Kill fear. Build agency brands
Retrenchment is out. Innovative salary solutions and redeployment is in, as managers use inexpensive perks to motivate staff during the global financial meltdown. By Mandy de Waal From Mark Magazine Pages 8 & 9
“Am I going to be retrenched?” That’s the first question that runs through an employee’s mind in an economic down-turn.
Thanks to capitalism that gave us the sub-prime crisis and a full blown recession, the memory of Jack Welch, former CEO of General Electric, lingers: Neutron Jack decimated workforces, reduced pay rolls and cut 10% of management each year.
Loss of provision is a primal fear that strikes deep and is counter-productive to increasing revenues and innovation, the two things most needed when money is tight.

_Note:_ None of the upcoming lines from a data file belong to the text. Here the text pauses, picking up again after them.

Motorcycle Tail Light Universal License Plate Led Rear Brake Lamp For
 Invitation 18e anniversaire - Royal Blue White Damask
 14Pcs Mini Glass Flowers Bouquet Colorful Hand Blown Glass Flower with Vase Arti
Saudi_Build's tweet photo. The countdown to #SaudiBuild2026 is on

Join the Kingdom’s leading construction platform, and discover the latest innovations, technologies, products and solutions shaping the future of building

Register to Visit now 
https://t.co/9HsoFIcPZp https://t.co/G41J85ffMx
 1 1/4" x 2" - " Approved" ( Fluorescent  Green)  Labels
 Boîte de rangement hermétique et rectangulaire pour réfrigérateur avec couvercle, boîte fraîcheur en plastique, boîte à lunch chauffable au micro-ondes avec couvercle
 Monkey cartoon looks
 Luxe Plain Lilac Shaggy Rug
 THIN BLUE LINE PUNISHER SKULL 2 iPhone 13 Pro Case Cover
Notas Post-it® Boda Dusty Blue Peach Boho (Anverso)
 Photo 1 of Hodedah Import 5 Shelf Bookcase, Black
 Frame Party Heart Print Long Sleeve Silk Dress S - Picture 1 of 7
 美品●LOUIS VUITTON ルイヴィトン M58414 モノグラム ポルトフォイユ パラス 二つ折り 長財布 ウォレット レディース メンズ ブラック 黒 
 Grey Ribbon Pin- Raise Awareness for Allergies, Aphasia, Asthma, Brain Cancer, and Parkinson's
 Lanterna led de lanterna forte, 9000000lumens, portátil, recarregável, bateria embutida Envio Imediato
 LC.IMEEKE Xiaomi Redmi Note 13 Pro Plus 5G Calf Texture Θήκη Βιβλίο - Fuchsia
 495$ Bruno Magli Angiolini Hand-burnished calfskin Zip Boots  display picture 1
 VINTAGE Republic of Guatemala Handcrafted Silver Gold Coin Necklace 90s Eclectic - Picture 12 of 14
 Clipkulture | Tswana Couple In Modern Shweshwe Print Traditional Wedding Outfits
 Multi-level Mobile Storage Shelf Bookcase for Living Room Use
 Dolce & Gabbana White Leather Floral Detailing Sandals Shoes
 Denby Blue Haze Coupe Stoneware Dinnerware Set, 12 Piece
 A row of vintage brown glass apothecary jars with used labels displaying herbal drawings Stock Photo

Good to see, then, that times are changing and the “Welch way” is out. New research from the Chartered Management Institute in the UK shows that lessons were learned from the 1991 recession and the trend now is to redeploy rather than retrench. Staff redeployment levels have doubled in the past year, as employers try to find an alternative to redundancy. Retaining competence is a far more cost-effective option than rebuilding a talented team from scratch.
In an effort to tackle retention difficulties and the drop in year-on-year earning power, companies are innovating and using inexpensive employee benefits to keep staff motivated. This includes increasing annual holiday entitlements, paying exam fees and covering book costs and looking at other incentives that can be offered to motivate staff without breaking the bank.
Gloria* is a 23-year-old brand executive who works for a Sandton-based marketing agency. She says that redeployment entrenches loyalty, because it shows good faith. “This would offer me more security and could mean new challenges for me to sink my teeth into. I would have more respect for the company I work for if they did this. This shows my needs are being considered instead of just the bottom line. If I commit myself and my career to a company, I feel it needs to be a two-way street.”
When asked whether she would consider a pay cut or perks instead of a bonus, Gloria said: “I am studying part-time so would welcome a perk like extended paid leave or flexi-hours, which wouldn’t cost the company anything.”
Agency owners are also hiring more carefully and looking at more innovative ways to beat the recession. “We have been employing very carefully on a permanent basis due to the fact that we are aware of the recession globally and want to avoid retrenchment,” says Nicole Capper, Joint-Owner, Mango-OMC in Cape Town. By keeping a small team of permanent staff and using a stable of self-employed, external consultants they can be flexible, well resourced and avoid layoffs. “We would definitely look at restructuring salary packages before we retrench, and laying people off would be the last possible decision for us,” says Capper.
Retrenchment is also not an option for Giles Shepherd, Managing Director of brandalive® who says: “We will always look at all other options first. Previously when we needed to dramatically cut costs we convened a meeting with staff to lay the cards on the table and get their input. People got into the same boat to row out the storm. It’s a much better approach to the brutality that is retrenchment and entrenches a positive sense of loyalty to the brand. Staff appreciate that the brand has real humanity to it and it is not just an inanimate object chopping off heads to make the numbers work.”